# Transcribe and Dataframe Creation
This file was used for transcribing MP3 files and creating the initial dataframe

## Set Up
In this file, we uploaded all of the files from our S3 bucket titled "napoli-bucket" to the Github repo "Napoli-Polly".

The first step was to determine whether all of our MP3 files were in the S3 bucket. We did this by calling:

In [109]:
#!aws s3 ls napoli-project

Once we saw that 11 MP3 files for each of the 4 languages were in the bucket, we pushed them to our SageMaker folder (which was also our Github repo). 
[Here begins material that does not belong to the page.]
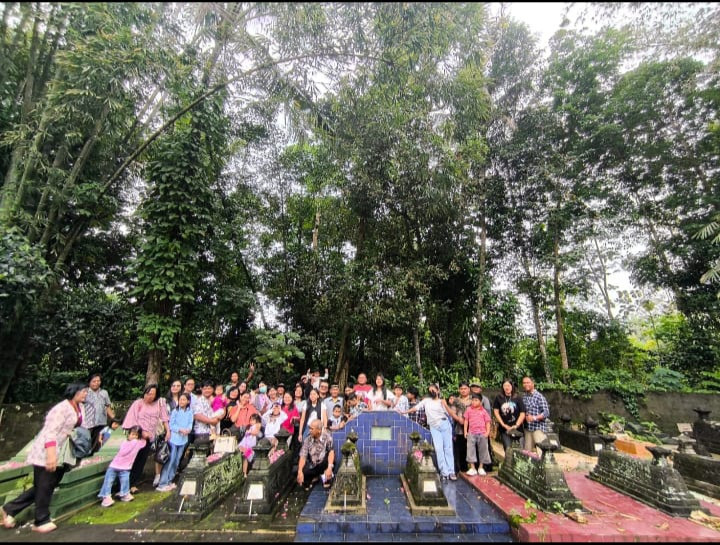 Doa arwah makam Demangan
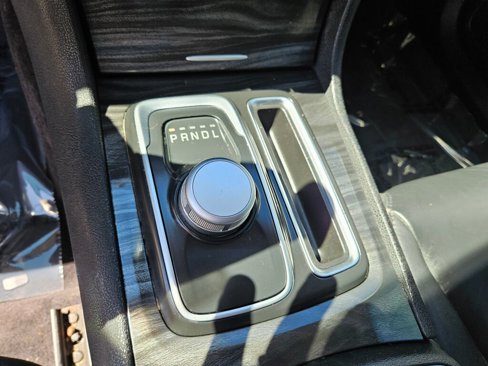 Used 2018 Chrysler 300 Touring L image 6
Next, we got started creating a dataframe.

In [124]:
#!aws s3 cp s3://napoli-project/ ../Napoli-Polly/MP3\ files --recursive

We need to import the following 4 packages so that the code can run:

In [128]:
import boto3
import s3fs
import numpy as np
import pandas as pd
import time

The following are the resources that we utilized in this project:
1. s3_resource : The S3 bucket

2. polly : The client that created the MP3 files

3. transcribe : The client that transcribes MP3 files

4. napoli_bucket : The bucket where our files were all stored

In [110]:
s3_resource = boto3.resource('s3') 

polly = boto3.client('polly') 
transcribe = boto3.client('transcribe')

napoli_bucket = s3_resource.Bucket('napoli-project')

Create a variable that holds all of the objects in our S3 bucket

In [3]:
summaries = napoli_bucket.objects.all()

## Dataframe Creation
Creating a new dataframe and adding the names of each file to the dataframe. This dataframe is the basis that we will be working with throughout the project.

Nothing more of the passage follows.